Norwegian investment bank Fearnley Securities estimates cost savings of between $4,000 and $5,000 per day from running on LPG, which involves burning six tonnes per day less fuel.

The savings, which come in addition to emissions reductions, are on the basis of blended long-term prices and a $35 per tonne terminal fee.

A higher proportion of refuellings in the US would increase the savings, Fearnley said.

The new ships are said to be costing $77.5m each and are due in the fourth quarter of 2022 and the first three months of 2023.

Fearnley said that, as with the first two newbuildings, payment terms are expected to be favourable, with a tail-heavy structure.

Dividend warning

"We believe leverage on the assets would be in the 60% to 70% range, suggesting an equity outlay of $46m to $62m," analysts Espen Landmark Fjermestad, Peder Nicolai Jarlsby and Ulrik Mannhart said.

In terms of dividend potential, there will still be capacity to pay circa 50% of earnings per share, Fearnley believes.

But the analysts cautioned: "Avance will have to adopt a more conservative approach to shareholder distributions (than what was the case in the past) in order to build scale, something we consider the right decision given the size of the current company."

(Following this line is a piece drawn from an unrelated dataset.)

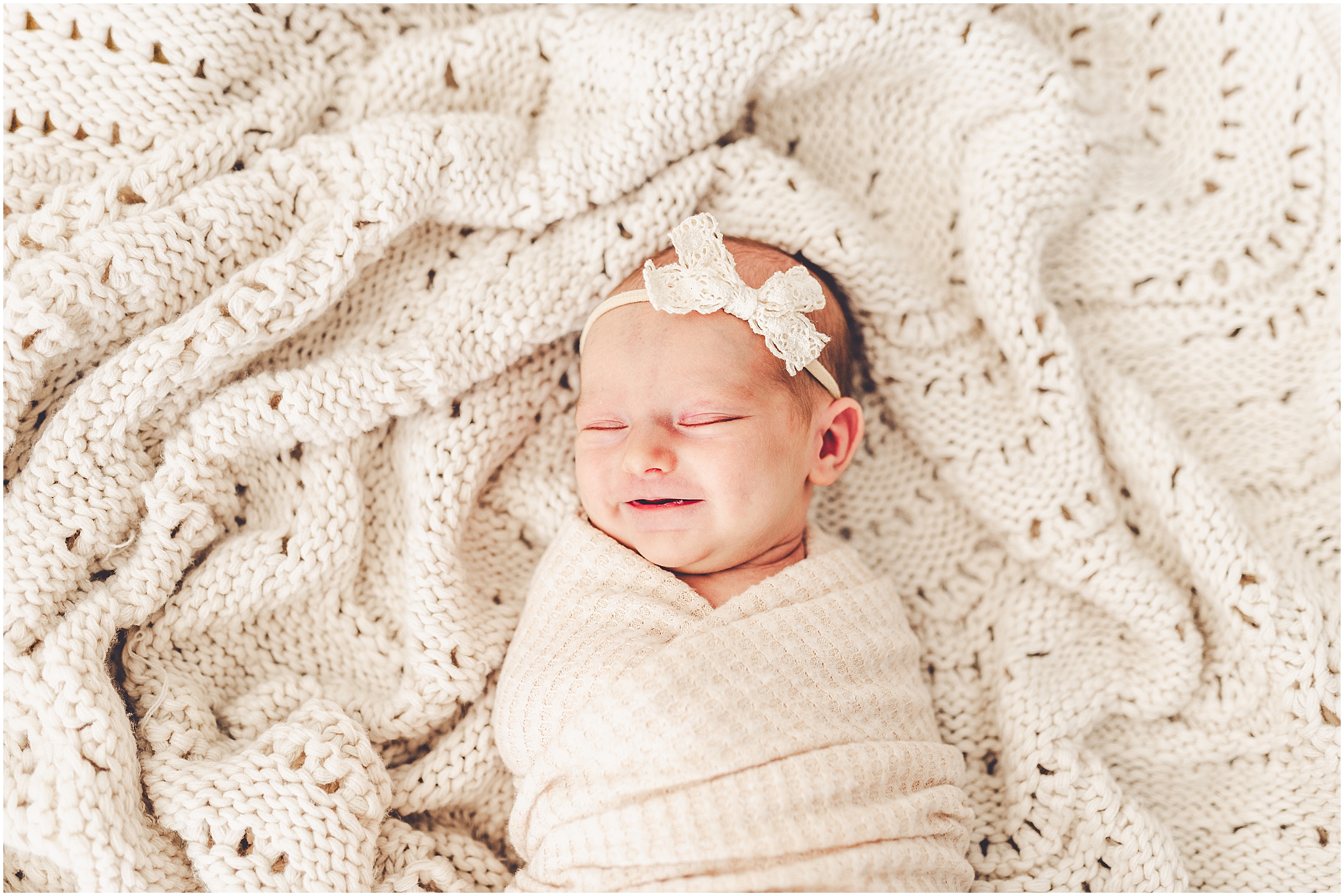Kara Evans Photographer offers a Kankakee studio newborn session experience focused on beautifully documenting your growing family.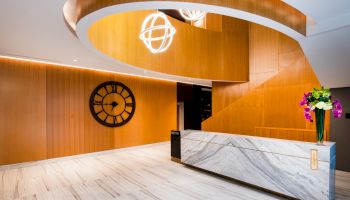 A modern lobby features a curved wooden staircase, large clock, marble reception desk, and decorative lights and flowers.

They also do not rule out Avance disposing of one or more of its 2008-built ships to fund the equity portion and potentially facilitate further renewal of the fleet.

The Baltic Exchange VLGC index dropped to $96 per tonne or $84,568 per day on Monday, a drop of 8% on the day and a steep fall from $110,000 at the start of 2020.

Product margins are tight, with the price differential between US spot and Asian two-month forward prices at $137 per tonne, against freight rates quoted at $150 per tonne, Fearnley said.